Efforts to increase the availability of gigabit-capable full fibre broadband across rural locations in the south of England have received a boost this week, as two alternative network providers revealed more details of their efforts.
In the south-west of the country, Jurassic Fibre, which is working to connect rural properties across Devon, Dorset and Somerset, unveiled the next stage of its plans.
The company is looking to bring fibre connectivity to as many as 350,000 homes and businesses in the region in the coming years, and is set to invest £250 million in order to achieve this.
It has already surpassed 20,000 properties and has now added an additional four locations across Devon and Somerset. These are Barnstaple, Wellington, West Hill and Marsh Green.

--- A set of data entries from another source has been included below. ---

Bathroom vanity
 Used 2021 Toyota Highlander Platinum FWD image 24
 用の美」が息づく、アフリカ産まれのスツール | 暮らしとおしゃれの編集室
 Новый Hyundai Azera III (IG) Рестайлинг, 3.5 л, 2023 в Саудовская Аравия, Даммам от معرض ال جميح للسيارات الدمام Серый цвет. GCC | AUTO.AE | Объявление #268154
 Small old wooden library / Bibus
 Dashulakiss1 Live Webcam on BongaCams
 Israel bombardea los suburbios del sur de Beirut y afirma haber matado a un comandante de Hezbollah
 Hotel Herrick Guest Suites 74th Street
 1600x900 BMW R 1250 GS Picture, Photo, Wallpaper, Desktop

Chief executive and founder of Jurassic Fibre Michael Maltby said that by rapidly expanding its network, the company is aiming to "support the vitality and growth of the region’s economy" and ensure rural areas are viable alternatives to big cities as places to live and work.
He added: "The events of 2020 have emphasised the importance of digital connectivity, for homes and businesses, with fast and reliable broadband now needed more than ever for remote working, home-schooling and connecting with others."
Elsewhere, in the south-east of England, Kent-based altnet Trooli has also been working hard to grow its own full fibre network, with the company announcing it has hit a new milestone of connecting 50,000 premises across rural parts of Kent, Hampshire and East Sussex.
This means the provider is two months ahead of its own schedule, which had aimed to reach this mark by the end of the year.
Over the last six months, Trooli has tripled the amount of cable it has laid, from 200km in June to 680km at the start of November 2020. It is now connecting more than 5,000 premises a month to its full fibre network.
The firm is therefore on track to reach 150,000 homes and businesses by the middle of 2022, and 500,000 by the end of 2024.
Andy Conibere, chief executive of Trooli, said: "We are confident that demand for ultrafast broadband is only going to increase. It is rightly seen by the government as essential 21st century infrastructure and the experience of lockdown has accelerated demand from both business and private customers."